● **Requirement**
An exact transcription of all the data is required; the pictures are to be left out.

● **Data shown**
* * * * *
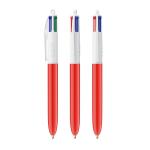 BIC® 4 Colours® ballpen + Lanyard Pink/white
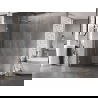 Mexen Lunar dušo sienelė Walk-in kairė 140 x 200 cm, permatoma 8 mm, chromas - 830-140-000-01-00-L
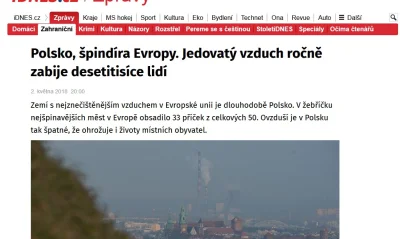 szurszur - ''Polska brudas Europy.Trujące powietrze corocznie zabija dziesiątki tysię...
* * * * *
● **Your solution**
 BIC® 4 Colours® ballpen + Lanyard Pink/white
 Mexen Lunar dušo sienelė Walk-in kairė 140 x 200 cm, permatoma 8 mm, chromas - 830-140-000-01-00-L
 szurszur - ''Polska brudas Europy.Trujące powietrze corocznie zabija dziesiątki tysię...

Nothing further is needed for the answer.